Helping your own children understand your expectations

This is a blog primarily about teaching. Both at home and at school! This post is about you as your child's first teacher - their parent.

Many parents, me included, have moments where we scold, remind, lecture, feel exasperated etc. about our children's behavior. "I've told you a million times not to interrupt me while I'm on the phone." "How many times do I have to say . . . "

Even if you manage your own classroom smoothly, being a parent is different in many ways. Behaviors that would never happen in a classroom setting might happen at your home more often than you would like.

So I have a question for you - how often do you teach your child what you mean by your expectations?

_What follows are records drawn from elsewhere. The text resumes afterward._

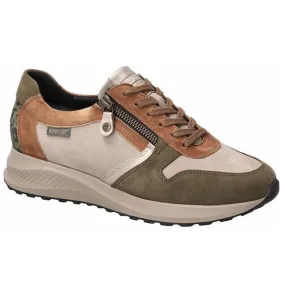 Kim - Loden Taupe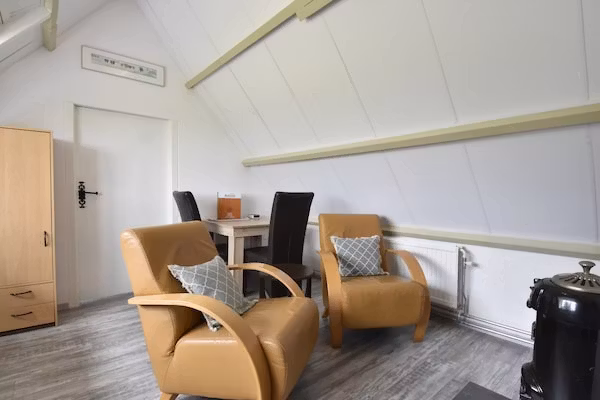 Het Hoge Noorden in Hippolytushoef - Foto 2 van 40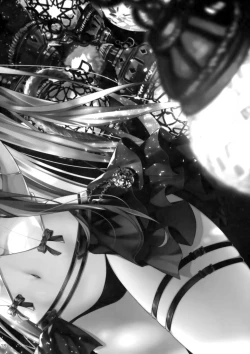 Page 17 of Sensei Dame desu...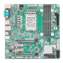 IMB-X1316, Intel® W680 Chipset, LGA 1700, SIM socket, microATX Motherboard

How frequently do you model what will happen if they don't meet your expectations.

I'm sure you have told your child something like, "In this household we are kind." or "I expect you to be kind to your sister." etc. Telling is not teaching. You actually have to teach your child your expectations. Frequently.

Teaching behavior is complicated. It is even more complicated than learning how to read. Remember, it easily takes children from kindergarten through the end of third or fourth grade to really know how to read. And some children still struggle through middle school. Yes, it takes a long time to teach a child to read. It takes even more time to shape behavior.

While you may feel and get frustrated when a child forgets the sound for S many days in a row, you don't lecture the child about trying harder. You don't say, "You knew that yesterday. How many times do I have to tell you the letter is S. If you forget that one more time you are going to lose your screen time for the rest of the week." No, you would never say that. We all understand it takes practice to learn to read, not punishment.

What if learning to be kind is the same thing? What if learning to follow directions quickly is more complicated than learning to read? What if we responded the same ways to behavior mistakes as learning mistakes, unless we were 100% sure that the child really had learned the skill?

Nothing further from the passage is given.